What version of netperf is used (is it even possible to understand from the binary)? In latest sources: ftp://ftp.netperf.org/netperf/netperf-2.5.0.zip there is no string that resembles the received error message.
(In reply to comment #8) > What version of netperf is used (is it even possible to understand from the > binary)? > > In latest sources: ftp://ftp.netperf.org/netperf/netperf-2.5.0.zip there is no > string that resembles the received error message. I used version of netperf/netserver is 2.4.5 in both client/server site. I just tried 2.5.0 version of netperf/netserver with command "for i in `seq 8`; do netperf -H 192.168.100.15 (ip of netserver) -- -m 1024 & done" in guest , there is no interrupted system call occurs but with one sesssion error like "send_data:data send error: errno 104 netperf: send_omni:send_data failed : Connection reset by peer" in 100% reproduction ,it also means netperf tests got 7 sessions throughput reply,but one failed with that error. note: since usage of "-m parameter" changed in netperf-2.5.0 (man info about -m bytes Set the size of the buffer passed-in to the “send” calls of a _STREAM test. ) could not use "-t TCP_MAERTS -- -m" parameter in external host to test tx capability (netserver was running on the guest)

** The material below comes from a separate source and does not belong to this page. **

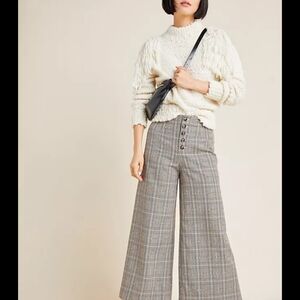 Anthropologie Gray Plaid Wide-Leg Pants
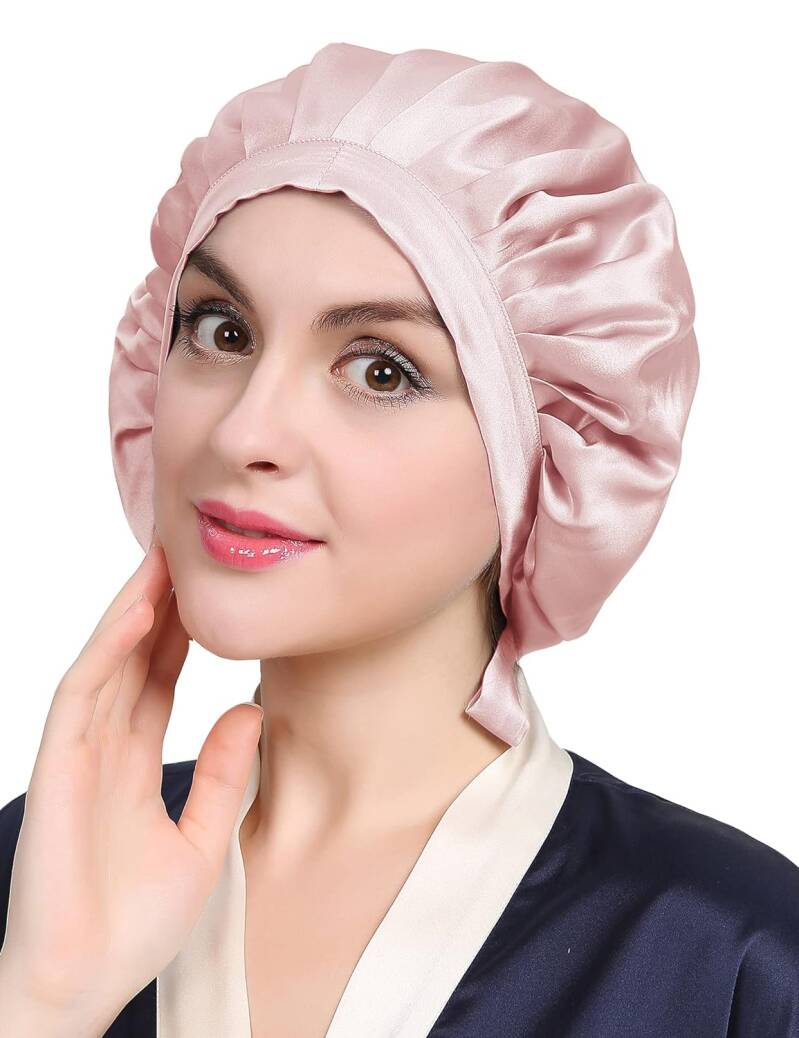 LilySilk 100% Maulbeerseide Schlafmütze rutschfest verstellbar und atmungsaktiver Kopfbedeckung Nachtmütze Haarhaube mit elastischem Band für alle Haartypen, rosiges Rosa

Another questions. Did you try to disable LSO and try to run the test with LSO disabled on the guest? To do so you need to open device manager: Run-> devmgmt.msc -> Got to virtio net adapter -> double click -> Go to "Advanced" tab -> Set "Offload.TxLSO" to "Disable" -> Click on "OK" button.
(In reply to comment #10) > Another questions. > > Did you try to disable LSO and try to run the test with LSO disabled on the > guest? > I just tried with LSO off, same error occus "send_data:data send error: errno 104 netperf: send_omni:send_data failed :Connection reset by peer" with 2/10 reproduction.
Hello, Following the request from MST, Here is an experimental driver with enabled indirect buffers feature for Windows guest: \\smamit.eng.lab.tlv.redhat.com\win-team\Public\Yan\2Test Please try to run the test with it. By the way, which Windows OS version are you using? You might need to install test certificate in order to use it on 64bit OS. To do it: double click on NetKVMTemporaryCert.cer and follow installation wizard. In command line enable test signing on the system: bcdedit /set TESTSIGNING ON . And reboot. Best regards, Yan.
(In reply to comment #12) > Hello, > > Following the request from MST, > Here is an experimental driver with enabled indirect buffers feature for > Windows guest: > \\smamit.eng.lab.tlv.redhat.com\win-team\Public\Yan\2Test > > Please try to run the test with it. I tired following three scenarios tests 50 times respectively on the experimental driver. results: 1 > LSO off + each session of netperf running time 10s --- > 12/50 reproduction 2 > LSO on + each session of netperf running time 10s ----> 8/50 reproduction 3 > LSO on + each session of netperf running time 30s ----> 12/50 reproduction > By the way, which Windows OS version are you using? > > You might need to install test certificate in order to use it on 64bit OS. To > do it: double click on NetKVMTemporaryCert.cer and follow installation wizard. > In command line enable test signing on the system: bcdedit /set TESTSIGNING ON > . And reboot. > > Best regards, > Yan.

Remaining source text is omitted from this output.